C’est sans doute le conflit le plus dévastateur du moment, mais il passe largement sous les radars de la diplomatie, des médias et des protestations populaires. La guerre civile au Soudan, à laquelle Le Monde consacre une série exceptionnelle de huit articles, a probablement causé la mort de plus de 150 000 civils du fait des bombardements et des massacres, de la famine et des épidémies qui s’ensuivent. Elle a obligé 13 millions de personnes, soit près d’un habitant sur quatre, à fuir de chez elles. Nos reportages décrivent dramatiquement le calvaire des populations civiles, singulièrement des femmes, prises entre les feux d’un conflit absurde entre les deux généraux qui, en 2021, avaient renversé ensemble le gouvernement de transition démocratique, réduisant à néant les acquis du soulèvement populaire de 2019 marquant la chute de la dictature islamiste d’Omar Al-Bachir.

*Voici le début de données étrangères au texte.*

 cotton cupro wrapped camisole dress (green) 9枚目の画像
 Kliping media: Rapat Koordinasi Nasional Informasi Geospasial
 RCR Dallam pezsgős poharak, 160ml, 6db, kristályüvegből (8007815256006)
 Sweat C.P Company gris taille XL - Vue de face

Depuis dix-huit mois, les forces armées du Soudan (FAS), dirigées par le général Abdel Fattah Al-Bourhane, et les milices paramilitaires des Forces de soutien rapide (FSR), menées par le général Mohammed Hamdan Daglo, dit « Hemetti », ont entraîné le pays de 49 millions d’habitants dans une spirale de violence dont personne n’entrevoit le dénouement. Les ressorts de cette guerre apparaissent sociaux – le ressentiment à l’égard des élites qui ont accaparé le pouvoir depuis l’indépendance, en 1956 –, claniques et ethniques. Les miliciens des FSR sont les successeurs des janjawids, issus des tribus arabes nomades de l’ouest du pays, qui ont participé, voilà vingt ans, au génocide visant les populations noires du Darfour.
Rivalités internationales
Le conflit est aussi alimenté par les rivalités internationales qu’attisent les atouts du pays. Le Soudan est l’un des principaux producteurs africains d’or et il possède une large façade sur la mer Rouge, point de passage majeur du commerce mondial. Tandis que l’armée régulière bénéficie du soutien de l’Egypte, de l’Arabie saoudite, de l’Iran et désormais de la Russie, les milices FSR reçoivent des armes des Emirats arabes unis.

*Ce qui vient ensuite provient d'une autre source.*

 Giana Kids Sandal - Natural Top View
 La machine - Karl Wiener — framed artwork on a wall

Si l’offensive engagée depuis la fin septembre par les FAS leur a permis de regagner du terrain dans la capitale, Khartoum, aucune issue militaire n’est en vue. Les hommes du général « Hemetti » – qui ne participe pas lui-même aux combats – contrôlent plus d’un tiers du pays et se livrent à des atrocités d’un degré inégalé. Rien, dans l’actuel rapport de force, ne permet d’envisager que l’un des belligérants puisse reconquérir la totalité du pays. L’éventuelle chute d’El-Fasher, la capitale du Darfour qu’ils assiègent, leur donnerait le contrôle de cette région vaste comme la France et poserait la question de l’unité du pays.
De fait, le conflit est entré dans une phase de guerre totale dont les civils paient le prix fort. Le long cauchemar des Soudanais, ponctué de bombardements aériens, de massacres, de viols, d’épidémies, de deuils, sur fond de crise humanitaire, doit cesser. Cela suppose de bloquer le flux continu d’armes qui alimente les protagonistes et de reprendre le chemin de la médiation, abandonné en octobre.
Mais les pressions internationales qui, seules, peuvent ramener le Soudan sur la voie de la paix exigent elles-mêmes que les opinions publiques cessent d’accepter que ce pays soit abandonné à son sort. Il est courant de citer l’Ukraine et le Proche-Orient comme les deux guerres en cours les plus préoccupantes. La moindre des choses serait de ne pas oublier celle qui ravage le Soudan.